Sunday, 10 April 2011

Elements of game design, part two: art direction for games

There are a hell of a lot of information sources on being an art director which I am sure are all very interesting in their own way of explaining it. First I’ll look at a typical job description of what an art director does. The links given showing some examples have expired now but I found another and will provide it in the reference links when I finish.

Typically an art director is ultimately responsible for the setting, style and quality of art incorporated into a game and managing the rest of the team pretty much constantly. Animation fits into this too and maybe even the music but I am not too sure on that one. Many sources say a background, perhaps a degree, in fine art is a must, due to the vast amount of knowledge in particular techniques like drawing, colours, texturing  plus, all artists need to be creative including the directors visualising how a character, an asset, a scene or particular section should look once complete. I think the major part to grasp from the general job description is the communication with other team members. It is their job to check up with what everybody is doing and, in Phillip Bossant’s case, who was executive producer and art director for the America’s Army public game project, would go around to everybody one by one to see progress.

Many times, I'm just providing feedback but sometimes I am directly involved with making the solution”.

I almost see this as being everyone’s teacher or tutor keeping order within the team and eventually making sure that, once merged together everything still flows but still be open to new ideas and suggestions. If everything flows, then you have a solid game and that is important.

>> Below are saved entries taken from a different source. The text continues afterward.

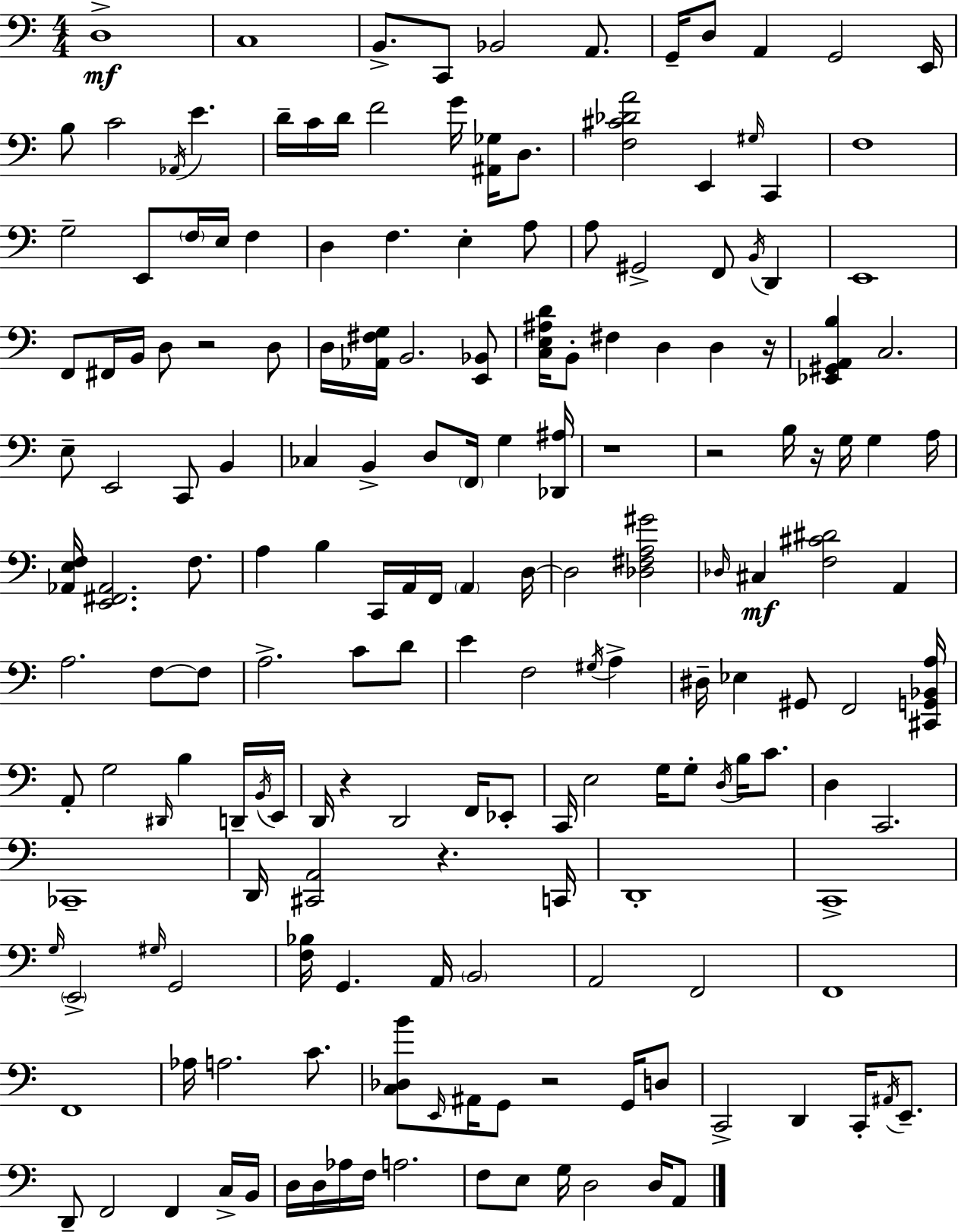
X:1
T:Untitled
M:4/4
L:1/4
K:C
D,4 C,4 B,,/2 C,,/2 _B,,2 A,,/2 G,,/4 D,/2 A,, G,,2 E,,/4 B,/2 C2 _A,,/4 E D/4 C/4 D/4 F2 G/4 [^A,,_G,]/4 D,/2 [F,^C_DA]2 E,, ^G,/4 C,, F,4 G,2 E,,/2 F,/4 E,/4 F, D, F, E, A,/2 A,/2 ^G,,2 F,,/2 B,,/4 D,, E,,4 F,,/2 ^F,,/4 B,,/4 D,/2 z2 D,/2 D,/4 [_A,,^F,G,]/4 B,,2 [E,,_B,,]/2 [C,E,^A,D]/4 B,,/2 ^F, D, D, z/4 [_E,,^G,,A,,B,] C,2 E,/2 E,,2 C,,/2 B,, _C, B,, D,/2 F,,/4 G, [_D,,^A,]/4 z4 z2 B,/4 z/4 G,/4 G, A,/4 [_A,,E,F,]/4 [E,,^F,,_A,,]2 F,/2 A, B, C,,/4 A,,/4 F,,/4 A,, D,/4 D,2 [_D,^F,A,^G]2 _D,/4 ^C, [F,^C^D]2 A,, A,2 F,/2 F,/2 A,2 C/2 D/2 E F,2 ^G,/4 A, ^D,/4 _E, ^G,,/2 F,,2 [^C,,G,,_B,,A,]/4 A,,/2 G,2 ^D,,/4 B, D,,/4 B,,/4 E,,/4 D,,/4 z D,,2 F,,/4 _E,,/2 C,,/4 E,2 G,/4 G,/2 D,/4 B,/4 C/2 D, C,,2 _C,,4 D,,/4 [^C,,A,,]2 z C,,/4 D,,4 C,,4 G,/4 E,,2 ^G,/4 G,,2 [F,_B,]/4 G,, A,,/4 B,,2 A,,2 F,,2 F,,4 F,,4 _A,/4 A,2 C/2 [C,_D,B]/2 E,,/4 ^A,,/4 G,,/2 z2 G,,/4 D,/2 C,,2 D,, C,,/4 ^A,,/4 E,,/2 D,,/2 F,,2 F,, C,/4 B,,/4 D,/4 D,/4 _A,/4 F,/4 A,2 F,/2 E,/2 G,/4 D,2 D,/4 A,,/2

Compared to film, there is not much difference when looking at art direction. I am sure film directors try their very best to make sure everything from characters, costumes, sets, musical scores and such stick to the film’s theme meaning checking each part individually. Mistakes would need to be altered beforehand and just like an art director, the film director needs to keep order. Handling takes when it comes to acting, it is the film director who calls out “action” and “cut” as retakes are made to get parts just right. Colour palettes are determined depending on the type of film so if it was a natural fantasy film, greens, yellows and reds could be reflected in the environment and characters to indicate a cheerful sunny scene and it is no different for art direction.

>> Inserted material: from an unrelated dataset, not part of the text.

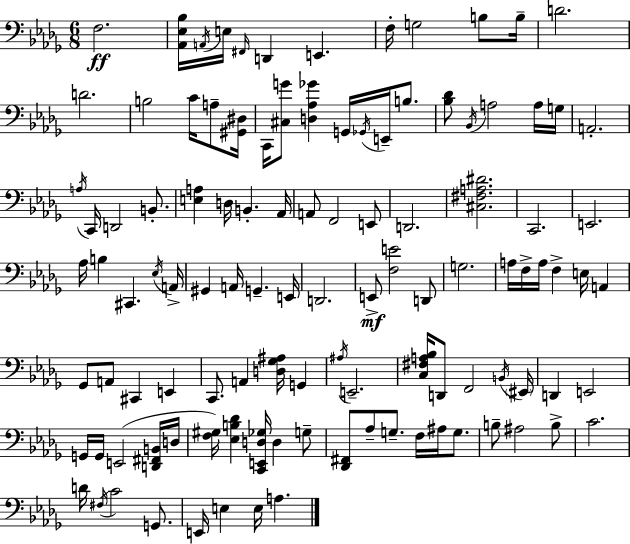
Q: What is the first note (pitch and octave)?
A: F3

The job may sound simple enough but I reckon it takes a copious amount of experience, confidence, leadership skills and communication skills to be able to work with just about anyone from senior to beginner artists and animators in a team. Bringing workers together and checking on work is one thing but you would still need to use your artistic skills if the need to clean parts up yourself arises and I can imagine they all get plenty of emails and files sent to them. I can see it being a competitive but exciting job however because the job description I found says an art director can branch from an artist with more than 3 years experience in the games industry and the amount of talent will vary greatly between applicants.